Secret #6 - Wear a suitable sport shoes for your exercise
Sport shoes are must have item to do most exercise. There are so many choices of sport shoes with many brands, designs and colors. Choose the most suitable sport shoes with the kind of exercise you do.
Secret #7 - Train your stability
Besides cardio and weight lifting exercises, don't forget to train also your stability. Stability is important to help your movement and to avoid injury. You can vary your exercise with yoga, or simply try this little trick at the end of your exercise:
- Stand on one leg and raise the other leg forward.
- Hold the position for 20-30 seconds.
- Do the same with the other leg
Secret #8 - Be creative
Do the same routine exercise after a while will decrease your motivation. Be creative, and add fitness equipment such as gym ball, resistance band or dumbbells to create more variative and fun exercises.

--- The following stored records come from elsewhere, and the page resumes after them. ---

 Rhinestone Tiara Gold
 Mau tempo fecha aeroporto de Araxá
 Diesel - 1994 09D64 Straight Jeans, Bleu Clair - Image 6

Secret #9 - Switch exercise intensity
It's even better if you could provide 1 day during the week to lower your exercise intensity. Try some light and more fun , you can perhaps do it with your friend. The point is to give your muscles time to recover, so that you will be ready for your next exercise schedule.
Secret #10 - Don't stick on numbers!
Heart rate monitor or weight scale is useful for supporting your exercise program. The equipment gives you accurate data to measure your performance. However, don't just stick on the numbers. You must keep your concentration on your own body. Keep doing the exercises and enjoy it, your body will let you know what it needs!